# New lens or body?



## KarstenReis (Jul 6, 2011)

Hello everyone,

Right now I have an XSi and three different lenses : 70-300 f/4-5.6 IS, 18-55 f/3.5-5.6 IS (kit lens) and 100 f/2.8 Macro.

I was wondering if anyone could help out with whether I should wait for a new body such as a 7D Mk II/ 5D Mk III or to just get a 7D now or if I should get new lens now. The lenses I've been looking at are a used 70-200 f2.8 L Mk I with an 2x extender or a 24-70 2.8 L. Other recommendations are welcome!

I would like something that I can grow in to and not be limited by in the future. 

I mainly shoot wildlife and landscape.
Price isn't really so much of an issue.
I've been shooting for about 4 years and I'm not that good but I like doing it a lot so that's all that really matters. 

Thanks


----------



## Mt Spokane Photography (Jul 6, 2011)

You can get a lot more out of your existing camera body with a high end lens. A 17-55mm or 15-85mm for about the cost of a new body will make a much larger difference.

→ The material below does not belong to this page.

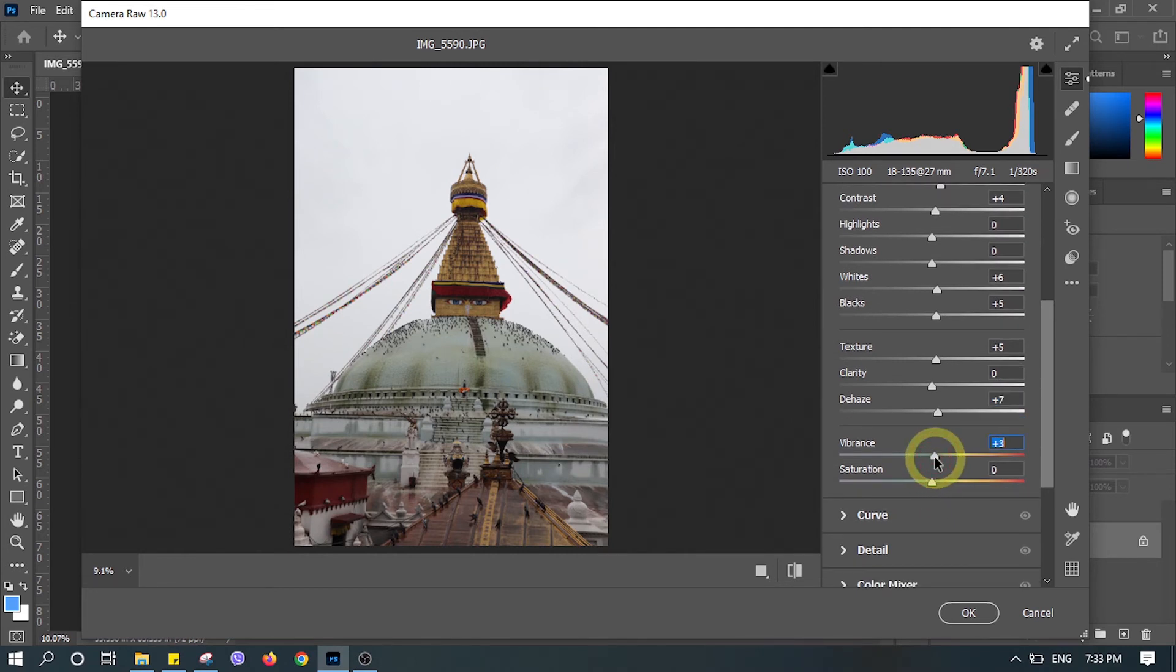Some vibrance and saturation, and let's hit OK.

Check for refurbs if you are in USA. http://shop.usa.canon.com/webapp/wcs/stores/servlet/subCategory_10051_10051_-1_22751


----------



## awinphoto (Jul 6, 2011)

You do realize the pandora's box you just opened asking internet strangers what gear they would have you buy. =) Waiting on bodies can be a very tiresome task. 5D people are waiting on a prayer that the replacement will be any time within the next 6-9 months and and 7D people, well, that camera, in all reality, likely wont be replaced until probably 3rd qtr 2012 to complete it's 3 year cycle, however that could be thrown up in the air depending on how stock levels remain (5D mark II being backordered in most stores) and other cameras like 7D being in short supply. 

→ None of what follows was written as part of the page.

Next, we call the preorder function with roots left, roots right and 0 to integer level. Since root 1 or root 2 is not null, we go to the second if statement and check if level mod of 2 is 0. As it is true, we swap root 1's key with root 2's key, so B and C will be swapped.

Lenses are always your best bet because unlike bodies that have a life cycle of every few years, lenses outlive bodies sometimes 2-3 bodies (if not longer if you have a really nice lens and treat it well). While the allure and options of a bigger and better camera are always more lucrative, you might as well (if funding is readily available), go ahead and buy a lens or two that will let you do what you want to do. I would recommend getting a good "walk around" lens (17-55mm, 24-105L, 24-70L, 15-85 (at least), even the 18-135mm has ok MTF (sharpness) charts...) Then get your specialty lens depending on what you love to do (telephoto for close ups of wildlife or wides or ultrawides for landscapes)... Have your bases covered and then once you get better, you can splurge on a new body and even better glass.


----------



## AJ (Jul 7, 2011)

Time to upgrade from the kit lens. Your camera body is just fine.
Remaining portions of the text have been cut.